Your instructions:
Scan the records beneath this line for the line holding "Пляжная сумка Пальмы" and the line holding "2000's Fendi x", then transcribe exactly those two and all lines between.

Given records:
= = = = = = =
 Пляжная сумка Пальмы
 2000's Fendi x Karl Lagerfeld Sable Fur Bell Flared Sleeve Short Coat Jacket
= = = = = = =
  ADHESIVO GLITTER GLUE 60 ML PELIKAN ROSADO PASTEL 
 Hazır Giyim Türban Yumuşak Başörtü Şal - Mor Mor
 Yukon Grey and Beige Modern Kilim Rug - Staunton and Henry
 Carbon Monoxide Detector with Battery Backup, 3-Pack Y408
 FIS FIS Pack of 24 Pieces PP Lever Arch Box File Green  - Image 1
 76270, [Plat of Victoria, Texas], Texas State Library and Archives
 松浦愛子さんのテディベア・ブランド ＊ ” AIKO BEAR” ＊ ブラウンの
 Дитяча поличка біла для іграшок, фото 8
= = = = = = =
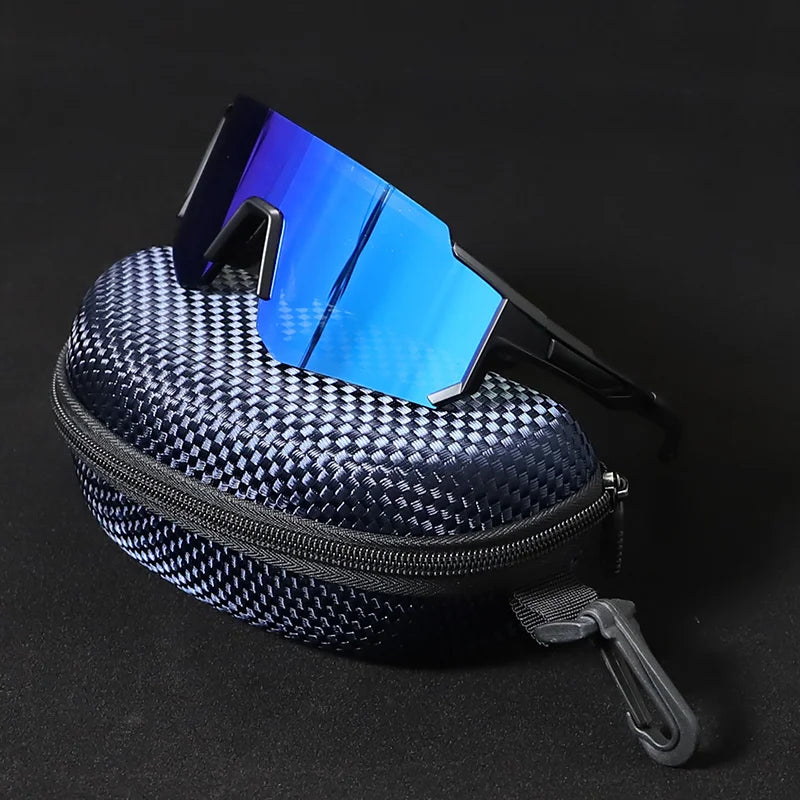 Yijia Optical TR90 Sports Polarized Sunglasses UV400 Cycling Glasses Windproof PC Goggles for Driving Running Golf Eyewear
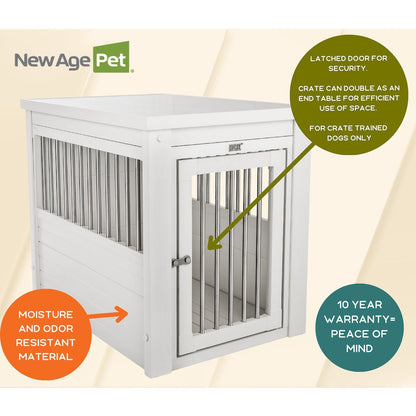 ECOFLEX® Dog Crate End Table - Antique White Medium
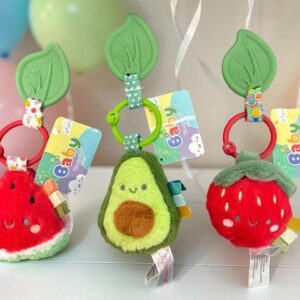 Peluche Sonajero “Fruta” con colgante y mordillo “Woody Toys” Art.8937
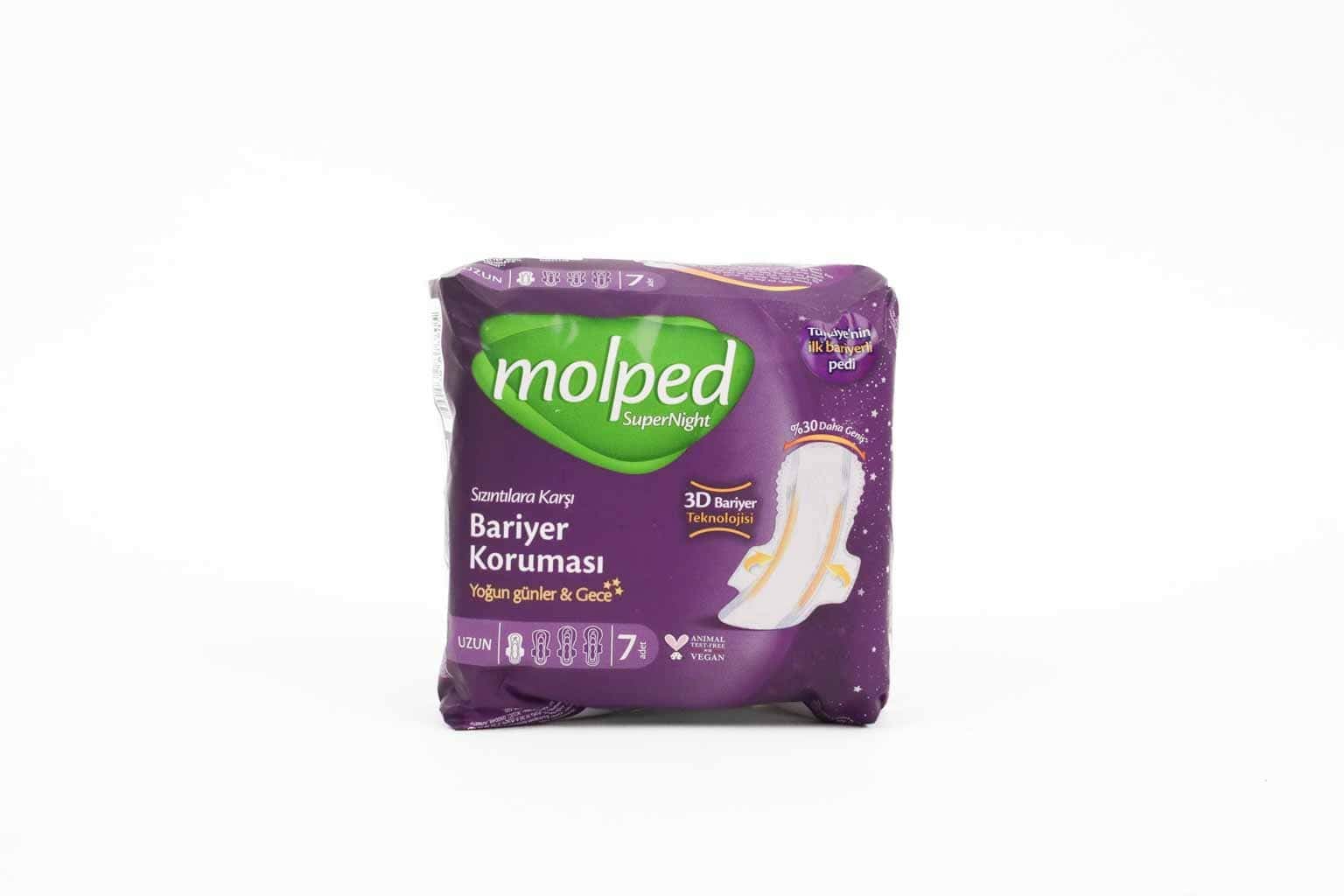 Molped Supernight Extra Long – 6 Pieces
= = = = = = =
Task response:
 Пляжная сумка Пальмы
 2000's Fendi x Karl Lagerfeld Sable Fur Bell Flared Sleeve Short Coat Jacket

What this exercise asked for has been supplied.